• The task: Without the pictures, repeat all of the data exactly as it appears below.

• The data:
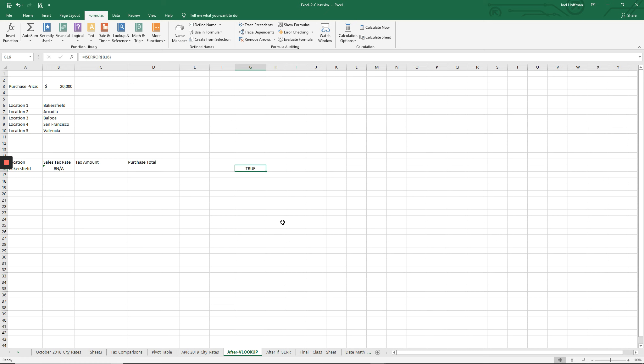What that does is it lets us trap for the error. Rather than end up with an error in the final formula, we can have Excel do something else if there is an error.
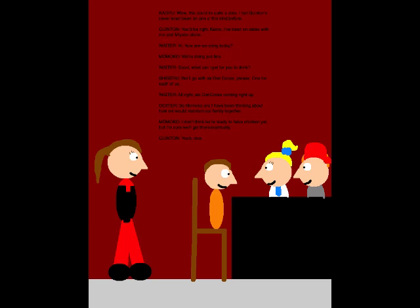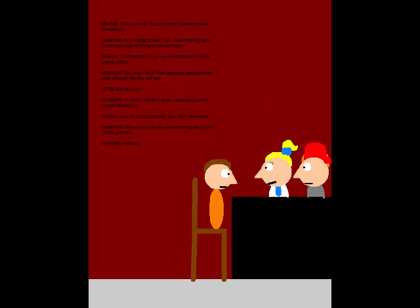So Momoko and I have been thinking about how people maintain our family together. I don't think we're ready to have children yet, but I'm sure we'll get there eventually. Yeah, nice. What's wrong, Quentin-chan? Think about something?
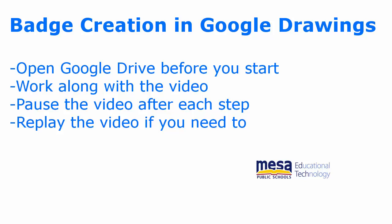In this video, I'll be walking you through the process of creating a badge in Google Drawings. If you've not yet created a badge, I encourage you to do so as you watch this video.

• Response to the exercise:
What that does is it lets us trap for the error. Rather than end up with an error in the final formula, we can have Excel do something else if there is an error.
So Momoko and I have been thinking about how people maintain our family together. I don't think we're ready to have children yet, but I'm sure we'll get there eventually. Yeah, nice. What's wrong, Quentin-chan? Think about something?
In this video, I'll be walking you through the process of creating a badge in Google Drawings. If you've not yet created a badge, I encourage you to do so as you watch this video.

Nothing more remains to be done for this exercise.